Friday, August 26, 2005

The Week in Pictures XII


In our top story, French authorities are hunting for the Mona Lisa after she made a daring daylight escape from the Louvre by hiding behind a copy of the DaVinci Code.


President Bush showed he's serious about education reform by using his vacation to go to summer school in order to complete the second grade.

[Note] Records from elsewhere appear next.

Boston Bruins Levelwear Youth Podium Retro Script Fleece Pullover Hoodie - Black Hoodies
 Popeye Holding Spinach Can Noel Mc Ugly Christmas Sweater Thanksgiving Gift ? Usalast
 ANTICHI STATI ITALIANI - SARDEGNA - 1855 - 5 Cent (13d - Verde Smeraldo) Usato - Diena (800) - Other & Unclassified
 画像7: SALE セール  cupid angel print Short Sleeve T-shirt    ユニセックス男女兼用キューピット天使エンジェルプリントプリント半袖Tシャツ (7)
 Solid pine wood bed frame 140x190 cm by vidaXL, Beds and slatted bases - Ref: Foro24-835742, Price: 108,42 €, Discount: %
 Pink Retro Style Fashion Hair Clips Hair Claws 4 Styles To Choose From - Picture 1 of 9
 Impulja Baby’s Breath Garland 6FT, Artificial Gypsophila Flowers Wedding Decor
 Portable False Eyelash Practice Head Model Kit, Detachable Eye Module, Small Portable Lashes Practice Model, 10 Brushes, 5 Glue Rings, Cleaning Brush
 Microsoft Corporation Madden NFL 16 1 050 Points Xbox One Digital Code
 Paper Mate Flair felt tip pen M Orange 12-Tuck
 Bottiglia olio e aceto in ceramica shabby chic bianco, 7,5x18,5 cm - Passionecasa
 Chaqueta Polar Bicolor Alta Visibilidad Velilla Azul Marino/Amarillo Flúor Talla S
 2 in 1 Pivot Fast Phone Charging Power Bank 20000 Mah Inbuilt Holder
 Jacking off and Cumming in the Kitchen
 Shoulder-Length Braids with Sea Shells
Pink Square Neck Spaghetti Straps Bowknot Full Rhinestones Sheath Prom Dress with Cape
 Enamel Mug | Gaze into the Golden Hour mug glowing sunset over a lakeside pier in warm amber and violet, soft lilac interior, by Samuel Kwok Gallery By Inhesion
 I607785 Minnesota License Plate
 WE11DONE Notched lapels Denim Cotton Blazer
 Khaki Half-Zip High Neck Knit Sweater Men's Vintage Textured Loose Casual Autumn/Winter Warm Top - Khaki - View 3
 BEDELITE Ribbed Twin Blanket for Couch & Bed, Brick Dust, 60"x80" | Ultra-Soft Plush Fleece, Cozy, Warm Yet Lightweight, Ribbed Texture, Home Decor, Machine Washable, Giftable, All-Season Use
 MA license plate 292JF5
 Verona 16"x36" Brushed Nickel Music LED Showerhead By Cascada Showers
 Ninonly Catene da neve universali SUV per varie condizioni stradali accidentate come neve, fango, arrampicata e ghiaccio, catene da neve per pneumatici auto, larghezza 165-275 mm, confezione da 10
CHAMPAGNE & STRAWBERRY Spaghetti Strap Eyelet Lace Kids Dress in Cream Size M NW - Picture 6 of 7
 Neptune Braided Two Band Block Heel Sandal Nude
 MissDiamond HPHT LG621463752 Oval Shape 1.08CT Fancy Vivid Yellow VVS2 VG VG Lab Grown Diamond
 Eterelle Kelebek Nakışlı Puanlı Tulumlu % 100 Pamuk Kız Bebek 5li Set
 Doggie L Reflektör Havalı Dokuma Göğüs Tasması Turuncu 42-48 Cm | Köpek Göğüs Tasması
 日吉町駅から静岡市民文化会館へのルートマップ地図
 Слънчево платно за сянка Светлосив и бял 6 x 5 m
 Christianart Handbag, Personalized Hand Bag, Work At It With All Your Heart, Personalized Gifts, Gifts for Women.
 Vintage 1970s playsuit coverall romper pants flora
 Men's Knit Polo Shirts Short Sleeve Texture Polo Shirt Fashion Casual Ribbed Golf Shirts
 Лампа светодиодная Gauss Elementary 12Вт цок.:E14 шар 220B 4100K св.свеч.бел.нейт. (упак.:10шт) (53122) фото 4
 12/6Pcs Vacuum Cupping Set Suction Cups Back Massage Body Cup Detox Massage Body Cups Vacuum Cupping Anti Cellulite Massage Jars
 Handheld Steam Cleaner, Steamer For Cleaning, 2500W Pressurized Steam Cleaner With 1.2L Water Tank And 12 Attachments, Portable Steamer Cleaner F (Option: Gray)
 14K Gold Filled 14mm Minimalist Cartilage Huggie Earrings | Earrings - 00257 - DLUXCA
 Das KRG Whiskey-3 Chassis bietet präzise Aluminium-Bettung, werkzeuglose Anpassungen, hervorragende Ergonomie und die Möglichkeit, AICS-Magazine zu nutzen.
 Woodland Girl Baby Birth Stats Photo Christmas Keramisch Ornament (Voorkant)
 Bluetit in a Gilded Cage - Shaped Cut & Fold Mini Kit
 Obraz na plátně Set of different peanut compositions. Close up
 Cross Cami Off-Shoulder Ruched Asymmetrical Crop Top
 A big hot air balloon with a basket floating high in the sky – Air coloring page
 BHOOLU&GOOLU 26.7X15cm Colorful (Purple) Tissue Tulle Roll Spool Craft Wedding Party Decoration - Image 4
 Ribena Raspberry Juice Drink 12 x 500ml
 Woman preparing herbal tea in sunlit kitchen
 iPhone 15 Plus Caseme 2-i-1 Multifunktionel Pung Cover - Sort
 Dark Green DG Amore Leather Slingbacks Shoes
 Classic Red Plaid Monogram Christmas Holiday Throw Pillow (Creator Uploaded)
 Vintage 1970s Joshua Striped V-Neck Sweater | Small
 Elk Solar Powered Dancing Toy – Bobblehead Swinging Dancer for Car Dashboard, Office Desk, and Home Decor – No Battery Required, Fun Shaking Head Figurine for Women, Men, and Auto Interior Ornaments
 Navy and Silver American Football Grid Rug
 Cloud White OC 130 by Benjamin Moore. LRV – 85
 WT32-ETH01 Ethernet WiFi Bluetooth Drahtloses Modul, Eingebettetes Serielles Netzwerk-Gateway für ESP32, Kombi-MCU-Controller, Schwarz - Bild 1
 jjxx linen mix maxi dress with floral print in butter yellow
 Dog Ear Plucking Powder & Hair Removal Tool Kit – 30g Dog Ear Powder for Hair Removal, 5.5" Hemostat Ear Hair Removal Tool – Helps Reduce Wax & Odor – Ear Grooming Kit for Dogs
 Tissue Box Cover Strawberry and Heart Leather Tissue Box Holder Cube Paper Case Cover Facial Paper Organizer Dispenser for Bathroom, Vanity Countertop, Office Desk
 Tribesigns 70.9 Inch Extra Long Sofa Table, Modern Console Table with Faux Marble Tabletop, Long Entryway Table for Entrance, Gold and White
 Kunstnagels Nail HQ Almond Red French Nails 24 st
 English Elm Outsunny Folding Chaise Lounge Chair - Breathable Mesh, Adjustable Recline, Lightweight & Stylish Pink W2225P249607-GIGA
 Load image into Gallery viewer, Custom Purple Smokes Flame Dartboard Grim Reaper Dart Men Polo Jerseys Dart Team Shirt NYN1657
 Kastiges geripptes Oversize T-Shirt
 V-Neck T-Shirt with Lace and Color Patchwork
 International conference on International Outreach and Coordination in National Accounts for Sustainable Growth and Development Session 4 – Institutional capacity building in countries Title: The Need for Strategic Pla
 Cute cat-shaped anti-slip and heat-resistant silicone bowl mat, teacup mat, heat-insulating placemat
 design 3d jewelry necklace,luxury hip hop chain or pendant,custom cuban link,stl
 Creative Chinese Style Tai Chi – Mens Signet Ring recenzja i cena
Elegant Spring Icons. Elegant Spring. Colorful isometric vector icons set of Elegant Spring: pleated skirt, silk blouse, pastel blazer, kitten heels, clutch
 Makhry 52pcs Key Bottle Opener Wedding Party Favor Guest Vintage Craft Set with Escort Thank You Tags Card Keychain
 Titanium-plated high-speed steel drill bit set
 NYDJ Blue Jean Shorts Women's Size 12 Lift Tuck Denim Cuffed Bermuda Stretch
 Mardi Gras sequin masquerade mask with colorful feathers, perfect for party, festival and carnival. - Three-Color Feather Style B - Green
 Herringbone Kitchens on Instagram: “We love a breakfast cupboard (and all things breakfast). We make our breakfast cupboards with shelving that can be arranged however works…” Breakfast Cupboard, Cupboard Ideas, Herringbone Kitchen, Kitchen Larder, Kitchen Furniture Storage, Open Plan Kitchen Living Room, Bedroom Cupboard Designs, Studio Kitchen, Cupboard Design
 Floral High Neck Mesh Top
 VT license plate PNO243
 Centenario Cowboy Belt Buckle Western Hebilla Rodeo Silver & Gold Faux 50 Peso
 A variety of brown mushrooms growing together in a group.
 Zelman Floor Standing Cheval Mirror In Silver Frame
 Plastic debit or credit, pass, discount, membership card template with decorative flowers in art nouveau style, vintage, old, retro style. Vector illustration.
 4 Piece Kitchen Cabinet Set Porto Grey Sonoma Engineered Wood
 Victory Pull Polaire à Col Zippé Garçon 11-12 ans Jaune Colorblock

He received mostly C's on his report card, which was good enough for promotion to third grade with the rest of his class.


In Seattle, participants at the annual Hempfest gathering - including this 19-year-old woman - disputed recent reports that marijuana usage may cause premature aging.


The crew of a tall ship who lost their sails in a poker game with a group of fishermen in the middle of the Atlantic Ocean were able to successfully pilot themselves to shore by unbuttoning their shirts and standing on the yardarms.


After centuries of survival of the fittest, marine biologists now report that some fish have adapted by hiring bodyguards to protect them from predators.


A young worshipper was seriously injured during Catholic World Youth Day gathering in Belgium when a nun landed on him after stage diving into the crowd.


An 85-year-old man and his 82-year-old girlfriend emerged from a hedgerow labyrinth in Berlin after being lost for over sixty years. They claim to have survived on leftovers given to them by a Minotaur they befriended during their ordeal.


Genghis Khan, thought to have died in 1207, emerged from an underwater fortress in which he'd been vacationing for nearly eight centuries. The well-rested Mongolian ruler is said to be disappointed with the work of his descendants and reportedly plans to embark on a quest to re-conquer his empire.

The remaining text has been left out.